They’re quiet for a few seconds before Vanessa says, “Two years ago. Macon kicked her out. Too much of a liability, he thought. I mean, some kid did stab her.”
“So kick her out instead of the kid?”
“That’s what I said,” Lou nods. “Besides, she took off in the middle of the night, before the final verdict.”
“Quit talkin’ about me,” I mumble.
They shut up and look to me. I wish the silence would last, but Macon bursts into the house with Jenny on his heels, with Fox and Viking following behind. The two of them push past everyone else to come sit on either side of me, grins on their faces as they wrap their arms around me.
“Thank god you’re alive,” Viking laughs.
“We missed you, Squirrel,” Fox says, “We looked for you.”
I don’t say anything. I just sit there and try to not let myself wonder why it’s Ezra’s men who greet me like they care, when my own dad and Soldier are keeping their distance.
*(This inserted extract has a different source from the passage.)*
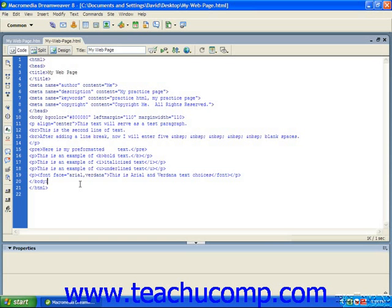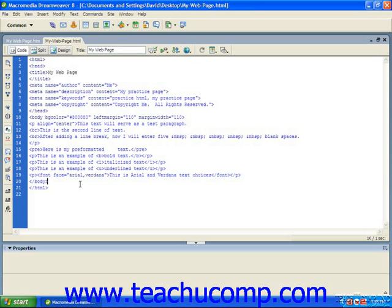Second, and probably more important, is the availability of fonts on various computers. In order for a font to be seen by a user, they must have that font installed on their computer. Otherwise, the web browser will substitute another font that is available. As you can imagine, this might not produce the results you want.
Macon sinks down onto his heels in front of me. “I suppose it’s been long enough.”
Fuck you. I want to say it every time a word leaves his mouth.
“Everyone in our group who wanted you dead are dead themselves. Ezra still stands, but I thought you might have gotten around to it by now.” He tilts his head to hold my gaze, but I can’t stop myself from looking past him to Soldier, from seeing flashes of what it was like with him. “That wasn’t your only goal, I know that. You ever find who you were looking for?”
I look Soldier in the eye when he says it, and then look back at Macon, eyes narrowed. He knows. The bastard knows.
He looks down and freezes. “What’s that, on your leg? That blood?”
I pull my legs back, wrap my arms around them, and shake my head. My voice is thin, broken, dry. Hoarse. “Nothing. It’s nothing.”
He eyes the sweat on my skin. “You got bit?”
Fox holds a hand up. “I’m sure she’s fine, Macon.”
“Show me the wound, if it’s nothing.”
Viking stands up as I push myself back. “Macon, she made it this far, it’s probably nothing.”
Soldier is looking at me, like he’s about to say something or do something, but he’s struggling to do it. His arms are crossed over his chest. His face looks drained.
“Charlotte!” Fox calls, standing up.
He and Viking put themselves between me and Macon, but then Jenny dives at me from the side. She knocks me to the ground, onto my back. The girl isn’t that big but she’s damn heavy, and her hands are tearing my pant leg back.
Lou pulls her away, but even he looks like he’s about to pass out.
He comes back to me after dumping Jenny on the other side of the room, crouches down, and places his hands on either side of my face. He curses when he feels the heat coming off my skin. “Don’t lie to me. Are you bit or not?”
I shake my head.
He breathes out and leans his forehead against mine.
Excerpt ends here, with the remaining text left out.